Happy October! Let's Eat!

All things on earth point home in old October; sailors to sea, travelers to walls and fences, hunters to field and hollow and the long voice of the hounds, the lover to the love he has forsaken.
Thomas Wolfe

Happy October!
It's here whether we are ready for it or not! And with this, Halloween, Thanksgiving, Christmas, and a new year arrive in quick succession. Stephen Artist suggested yesterday that today's blog include some of my favorite stars recipes. As the autumn air begins to get a crispness, comfort food becomes the norm and as the party season descends upon us, get ready to start eating!

I'm going to begin with Al Roker's Spectacular Chili! (If you want to come over for dinner tomorrow night, I'll make this!)
Al Roker's Spectacular Chili
2 pounds chuck steak, cubed in bite-size pieces
1 pound hot Italian sausage, removed from casings
2 large onions, diced
12 cloves garlic, diced
1 tablespoon ground cumin
1 tablespoon paprika
1 tablespoon pure chili powder
1 (32 ounce) can crushed tomatoes
1 (16 ounce) can pinto beans
1 (16 ounce) can Northern beans
1 (16 ounce) can dark red kidney beans

Chopped scallions
Sour cream
Shredded Cheddar cheese

Brown the beef and sausages in a large Dutch oven. Remove the meat and reserve. Drain off the fat, reserving about two tablespoons.

Sauté the onions and garlic until translucent, about 7 to 7 minutes.

Add the cumin, paprika and chili powder. Add the tomatoes and the beef into the Dutch oven. Stir the whole pot, and simmer on the stove for about 1 1/2 hours.

Add the three cans of beans, and simmer for another 30 minutes.

Serve with dishes of chopped scallions, sour cream and shredded Cheddar cheese. Cornbread is great with this also!

Alan Alda's Che-Cha
14 good-size Italian plum tomatoes
or 2 (14 ounce) cans plum tomatoes
2 handsful fresh basil leaves, chopped
1 clove garlic, minced
1/3 pound reduced fat mozzarella cheese, shredded
1 tablespoon olive oil
10 ounces fusilli (corkscrew macaroni) or your choice of noodle

Fill a pot with enough water to cover tomatoes. Bring to a boil. Add tomatoes to boiling water. Remove after about 10 seconds.
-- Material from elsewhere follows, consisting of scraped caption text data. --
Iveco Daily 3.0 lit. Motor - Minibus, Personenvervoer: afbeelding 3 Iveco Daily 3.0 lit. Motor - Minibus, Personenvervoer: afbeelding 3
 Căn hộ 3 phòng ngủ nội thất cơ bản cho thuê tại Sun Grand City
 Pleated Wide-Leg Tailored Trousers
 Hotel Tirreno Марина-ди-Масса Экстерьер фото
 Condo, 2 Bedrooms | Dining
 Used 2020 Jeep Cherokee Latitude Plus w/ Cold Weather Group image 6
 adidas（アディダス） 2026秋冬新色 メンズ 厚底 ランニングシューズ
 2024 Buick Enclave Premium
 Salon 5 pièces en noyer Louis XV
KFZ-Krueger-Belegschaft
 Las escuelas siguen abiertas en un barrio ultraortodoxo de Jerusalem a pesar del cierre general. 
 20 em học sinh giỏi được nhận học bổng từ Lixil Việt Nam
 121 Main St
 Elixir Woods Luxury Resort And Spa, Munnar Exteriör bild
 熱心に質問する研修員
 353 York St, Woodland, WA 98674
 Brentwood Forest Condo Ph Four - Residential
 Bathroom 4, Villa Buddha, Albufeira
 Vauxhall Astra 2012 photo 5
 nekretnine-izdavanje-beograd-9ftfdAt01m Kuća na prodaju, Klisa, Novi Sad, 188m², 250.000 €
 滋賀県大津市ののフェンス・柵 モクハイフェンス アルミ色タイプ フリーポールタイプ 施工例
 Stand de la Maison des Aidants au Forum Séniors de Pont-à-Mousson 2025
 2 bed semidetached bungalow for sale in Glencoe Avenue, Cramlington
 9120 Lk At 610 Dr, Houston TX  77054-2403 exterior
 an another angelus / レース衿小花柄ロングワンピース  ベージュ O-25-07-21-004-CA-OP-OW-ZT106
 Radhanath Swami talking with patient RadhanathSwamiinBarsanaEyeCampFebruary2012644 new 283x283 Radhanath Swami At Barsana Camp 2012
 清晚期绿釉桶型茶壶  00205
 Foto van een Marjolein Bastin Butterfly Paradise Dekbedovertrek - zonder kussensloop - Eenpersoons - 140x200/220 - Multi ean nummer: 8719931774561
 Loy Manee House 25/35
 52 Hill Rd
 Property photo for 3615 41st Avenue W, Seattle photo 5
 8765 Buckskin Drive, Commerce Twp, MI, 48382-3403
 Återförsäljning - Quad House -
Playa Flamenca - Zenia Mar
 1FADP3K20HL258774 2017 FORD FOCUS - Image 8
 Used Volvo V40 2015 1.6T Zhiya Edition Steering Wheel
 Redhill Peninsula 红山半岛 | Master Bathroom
Mix the tomatoes, basil, garlic and cheese with the olive oil. Let stand in a covered bowl for at least 3 hours (or overnight) refrigerated).

Cook fusilli. Drain. Add sauce to hot pasta. Mix well, and serve warm.

Alex Trebek's Tourtiere Trebek
1 pound ground pork 500 g
3/4 pound ground veal 375 g
1 large onion, chopped
1 teaspoon poultry seasoning 5 mL
1/2 teaspoon thyme 2 mL
1/4 teaspoon ground cloves 1 mL
1/4 cup red wine, beef stock or water 50 mL
1/2 cup fresh bread crumbs 125 mL
Salt and pepper
Pastry for double-crust pie (9 inch/23 cm)
Milk or lightly beaten egg

In large pan, combine meat, onions, seasonings and wine; cook over low heat for 1 hour.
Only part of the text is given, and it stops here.